One never knows enough.
The known
Carries in itself
The unknown

Eduardo Chillida

Camilla Nielsen does not pretend that she can give you an answer with her work. Her work confirms the fact that the mysteries of natural forms do not unravel in front of us, do not entirely unfold, do not open up for a scientific explanation, but keep enclosing yet another mystery that makes life worth living.

The open pages in a book are cast in bronze, made form, revealing as they are part of a continuous presence, letters turned literally into an explanation of form, a visceral reading, a reading for the blind.

Camilla Nielsen work with the mussel shell as source material. Her mussel shells are generally hand-size and worked in a variety of materials like paper, plastics, aluminium, bronze. Transformed through scale and material, the image of the mussel shell becomes a metaphor for the natural forces, the potential of growth, the element of water as an environment for life, fertility as a force and the continuity of life as witnessed by the life form that is influenced by the forces of the moon.

Camilla Nielsen takes this form and combines it over and over in seemingly endless combinations, always a little different, always precisely finished, always placed to be encountered through the recognizable image of the shell. They become elements of the human, like hands folded, propped on stands, learning on each other in a protective circle, one to one, and finally as seemingly disintegrating in their materiality.

In other series of work, Camilla Nielsen combines the form of the shell with the stone shaped as counterbalancing elements. Here, the shell symbolizes the living as opposed to the mineral and the pieces bear a richness that reminds of the artist's background in painting. Composed and finished to work as an entity, dark planes, polished rich surfaces inform as a metaphor for life as a circle of giving and taking.

In Art as Experience, John Dewey states: "The distinguishing contribution of man is consciousness of the relations found in nature. Through consciousness, he converts the relations of cause and effect that are found in nature into relations of means and consequence. […] The intervention of consciousness adds regulation, power of selection, and redisposition. Thus it varies the arts without end. But its intervention also leads in time to the idea of art as a conscious idea - the greatest intellectual achievement in the history of humanity." Camilla Nielsen relies on these forces of being human and being conscious. Her work are meant to be experiences as a passage, a recollecting of notions that inform us about our past and present as human beings, trying to find a common thread.
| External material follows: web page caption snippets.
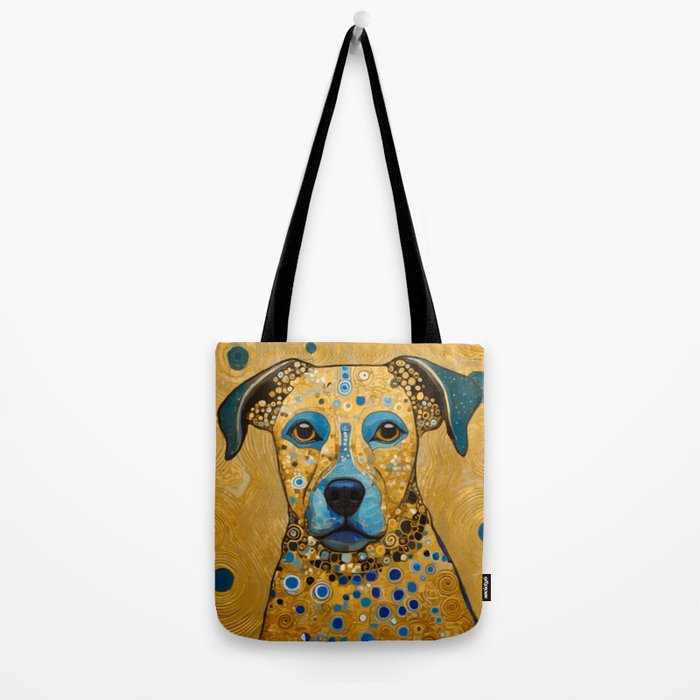 Blue and Gold Klimt Dog Tote Bag Gallery Image 2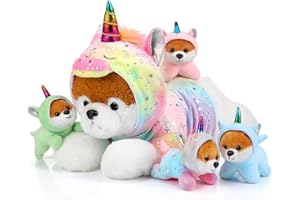 Skylety SE6186 Pack of 5 Dog Stuffed Toys Puppy Cuddly Toys 1 Large Plush Mum Dog with 4 Mini Baby Dogs Cute Plush Dog Gift for Birthday Christmas Children's Day Party Blue Pink
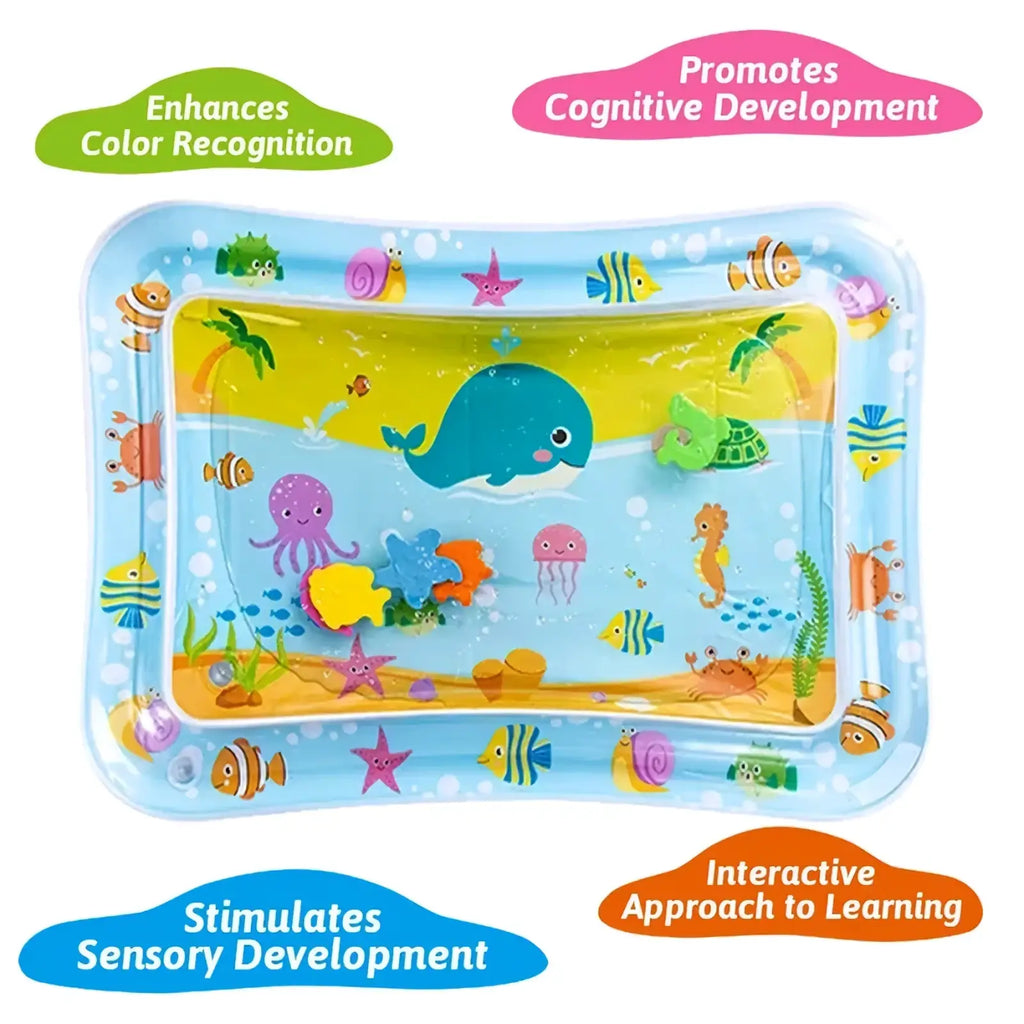 Blue inflatable baby water play mat featuring colorful cartoon sea creatures for tummy time use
Another image that is reoccurring in her work is the "mother" - an abstracted woman form inspired by the fertility figure, an artefact from prehistoric times. Just like the mussel form, she reinvents and rescales this image and transforms it into an object. Cast in series out of bronze or aluminium they confirm the same search for the unknown powers of nature that the artist explored through the use of the shell. They hint towards the idea of governing forces that remind us that we are part of something bigger, a world that we share. Transformed into masks, these shapes of the mother becomes faces, means of looking, shells, for the face that does not know - enough - but is driven to ask.

T.S. Elliot closes his essay on Tradition and individual Talent (Collected Essays) with the following paragraph: "The emotion of art is impersonal. And the poet [artist] cannot reach this impersonality without surrendering himself wholly to the work to be done. And he is not likely to know what is to be done unless he lives in what is not merely the present, but the present moment of the past, unless he is conscious, not of what is dead, but of what is already living."

The recent works by Camilla Nielsen are fruits of a developing voice that speaks about this kind of immersion. It is a definition of art as a language, and life as the reason why we desire to engage with these objects. There richness grasps you as a confirmation of the power of two hands closing, to sides of a shell sealing the potential of the unknown.